# Where are presets stored on Mac?



## JohnNewman (Jun 25, 2018)

Hello, I've just imported about a dozen sets of older presets, including several purchased sets, that I previously used on older versions of Lightroom. I'd been keeping them in a separate folder in my Pictures folder on my HD and now want to delete this old folder. I've been checking and, although they are successfully imported to LRCC, I can't see where they are kept. I've checked (as far as I can see) the Application Support folder in Library but no joy.

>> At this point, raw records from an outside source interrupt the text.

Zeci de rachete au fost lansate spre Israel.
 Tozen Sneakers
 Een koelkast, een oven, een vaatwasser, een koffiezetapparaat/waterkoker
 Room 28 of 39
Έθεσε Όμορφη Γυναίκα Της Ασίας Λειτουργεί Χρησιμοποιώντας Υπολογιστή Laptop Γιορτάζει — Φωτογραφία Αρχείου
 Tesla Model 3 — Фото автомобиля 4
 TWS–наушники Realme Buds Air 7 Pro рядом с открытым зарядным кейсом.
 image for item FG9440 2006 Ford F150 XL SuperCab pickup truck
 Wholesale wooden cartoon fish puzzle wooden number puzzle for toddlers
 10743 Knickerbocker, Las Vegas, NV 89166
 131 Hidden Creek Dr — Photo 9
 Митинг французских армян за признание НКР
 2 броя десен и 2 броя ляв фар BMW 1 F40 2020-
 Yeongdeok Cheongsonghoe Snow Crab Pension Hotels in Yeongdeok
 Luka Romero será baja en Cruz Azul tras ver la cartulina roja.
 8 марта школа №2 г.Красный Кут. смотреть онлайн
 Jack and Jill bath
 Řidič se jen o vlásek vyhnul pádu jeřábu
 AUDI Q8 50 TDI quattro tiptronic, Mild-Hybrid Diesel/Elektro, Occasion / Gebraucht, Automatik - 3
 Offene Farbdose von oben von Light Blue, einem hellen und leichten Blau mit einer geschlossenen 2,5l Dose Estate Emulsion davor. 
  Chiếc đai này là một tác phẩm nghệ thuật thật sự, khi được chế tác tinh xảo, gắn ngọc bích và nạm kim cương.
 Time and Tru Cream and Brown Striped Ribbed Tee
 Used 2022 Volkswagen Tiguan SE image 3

I presume LRCC has copied them somewhere but want to be sure before irretrievably deleting the old versions. Anyone know please?
Thanks, John.


----------



## Victoria Bampton (Jun 25, 2018)

LR CC stores them in the cloud and keeps a local cache in the Lightroom Library.lrlibrary along with the local cache of the cloud database and photos. If you go rummaging in that package, you can find them in the settings subfolder, but they're given alphanumeric names, so you'd have a hard time figuring out which was which. As long as you can see them in the Presets panel in LRCC, it's got them.


----------



## JohnNewman (Jun 25, 2018)

Ah, thank you so much. Guess it makes sense of the whole package being in the cloud so to speak.  Am I right in thinking that with the latest updates they are XMP files? Just wondering as when I try to export one, it seems to do it as such rather than the original lrtemplate file? Not that it matters I suppose!


----------



## Victoria Bampton (Jun 26, 2018)

Yes, with the release of LRCC 1.3 and LR Classic 7.3, the preset format changed to xmp.


----------



## JohnNewman (Jun 26, 2018)

Thank you again.


----------